A: Most children experience mild symptoms from COVID-19. Symptoms tend to appear 2-14 days after exposure. If you believe your child may have been exposed, monitor for symptoms and follow the CDC’s latest guidance for staying home. Contact a healthcare provider if symptoms such as shortness of breath, fever and cough worsen.

Q: I have a doctor/dentist appointment. Is it safe to keep that appointment?

A: The American Dental Association has recommended that dentists cancel elective procedures and has issued guidance for dentists and patients. Individuals who are concerned about visiting their doctor or dentist, or who are exhibiting symptoms of illness, should call ahead and discuss their concerns with the office. Individuals who believe they have symptoms of COVID-19 should call their healthcare provider first to get instructions so that appropriate infection-control measures can be implemented.

Q: I’m going on vacation to an area with COVID-19 cases. What do I need to do when I get back?

A: Travel guidance changes frequently as the outbreak expands, and individuals who travel should be prepared to be quarantined at home for 14 days upon their return or for their trips to be disrupted, extending their time away from home.

If you left an area with widespread, ongoing community spread (Level 3 Travel Health Notice countries), stay home for 14 days and practice social distancing. CDC does not generally issue advisories or restrictions for travel within the United States.
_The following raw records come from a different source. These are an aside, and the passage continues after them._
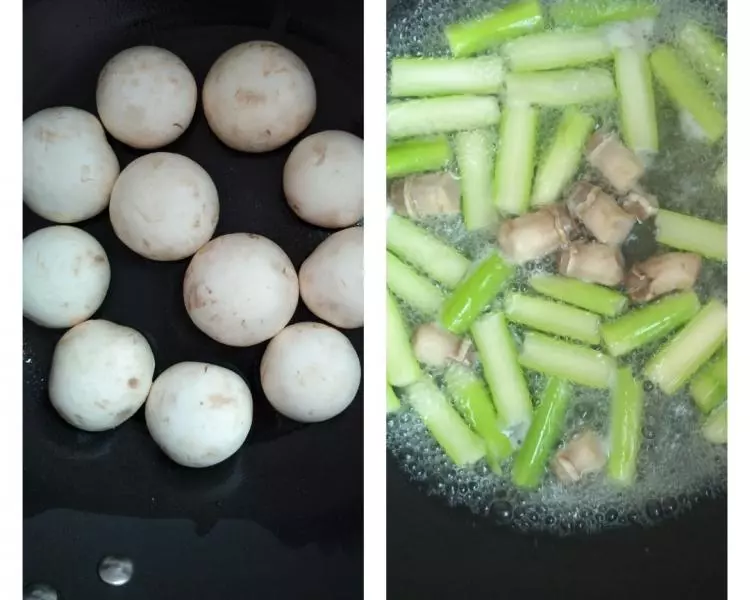 煎口蘑和双梗汤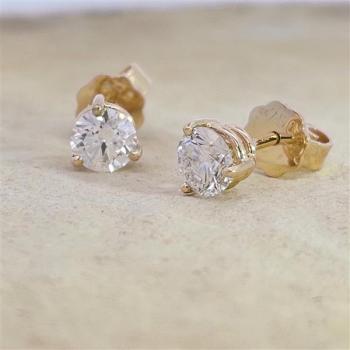 Brillant Diamant Ohrstecker Paar 750/- Gelbgold 18 Karat Gold 1,02 Karat G/VS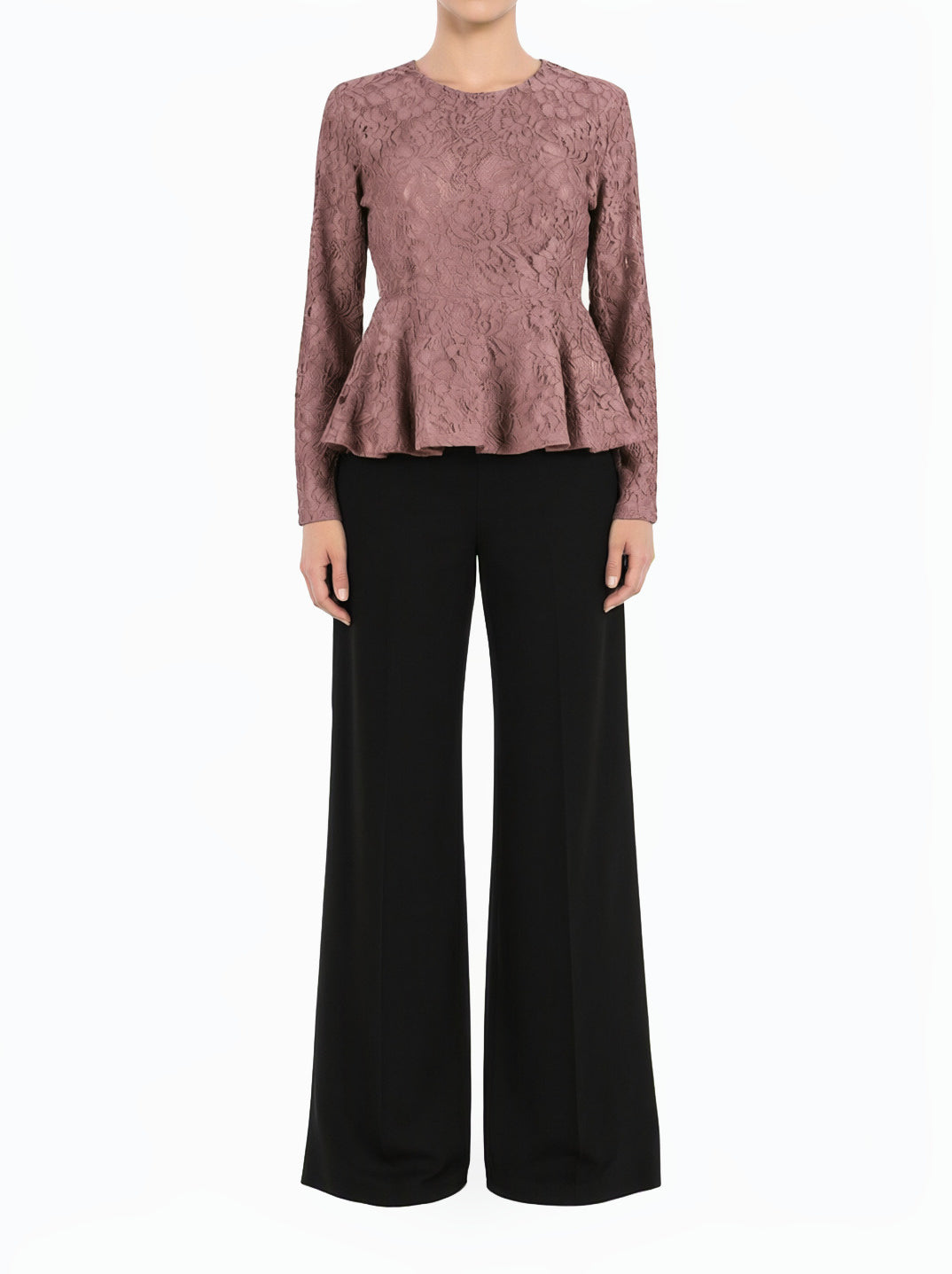 Mauve Lace Peplum Top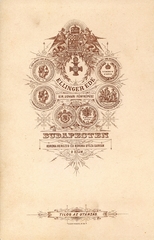 Magyarország, Budapest V., Petőfi Sándor (Koronaherceg) utca - Régi posta (Korona utca) sarkán, Ellinger Ede fényképész. A felvétel 1876-ban készült., 1900, Mészöly Leonóra, műterem, fényképész, hátlap, Budapest, Fortepan #90111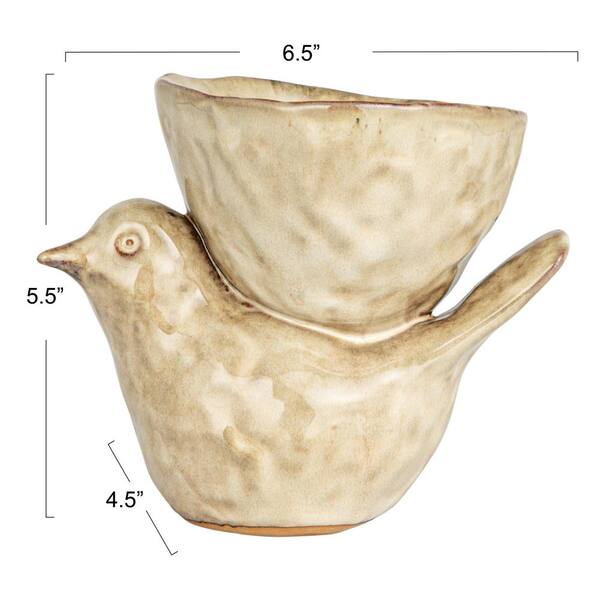 Stoneware Bird w/Bowl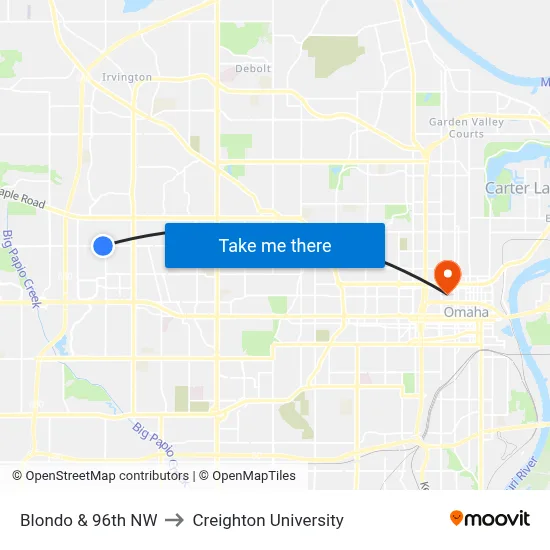 Blondo & 96th NW to Creighton University map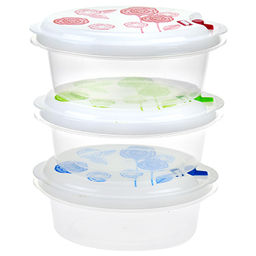 Контейнер пластмассовый Розы 0,7л - 16,5х12,2х6,3см, набор 3шт, с пароотводом, для хранения в холодильнике, цвета микс (Китай)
Take these steps to monitor:

  • Take your temperature with a thermometer two times a day and monitor for fever. Also watch for cough or trouble breathing.
  • Stay home and avoid contact with others. Do not go to work or school our out in public for this 14-day period. Discuss your work situation with your employer before returning to work.
  • Do not take public transportation, taxis, or ride-shares during the time you are practicing social distancing.
  • Keep your distance from others (about 6 feet or 2 meters).

More information for travelers is available on the CDC website.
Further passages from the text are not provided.